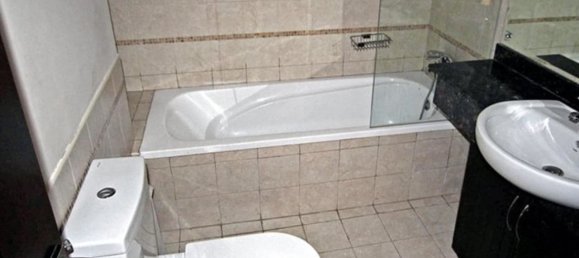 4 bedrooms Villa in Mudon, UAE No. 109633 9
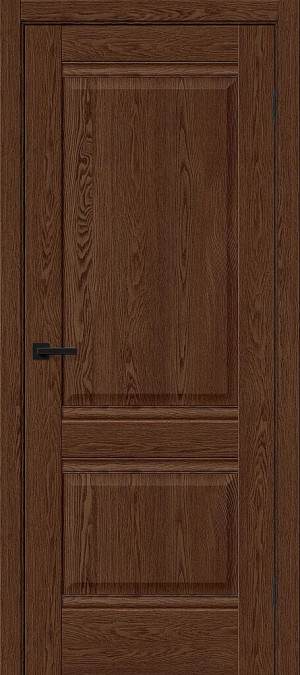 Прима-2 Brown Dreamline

+ + +

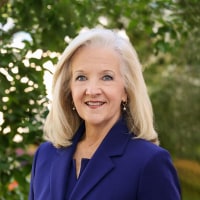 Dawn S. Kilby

+ + +

Within the material above, only the stretch from the line holding "4 bedrooms Villa in Mudon, UAE No. 109633 9" through the line holding "Прима-2 Brown Dreamline" is to be restated exactly. Pictures are dropped.

 4 bedrooms Villa in Mudon, UAE No. 109633 9
 Прима-2 Brown Dreamline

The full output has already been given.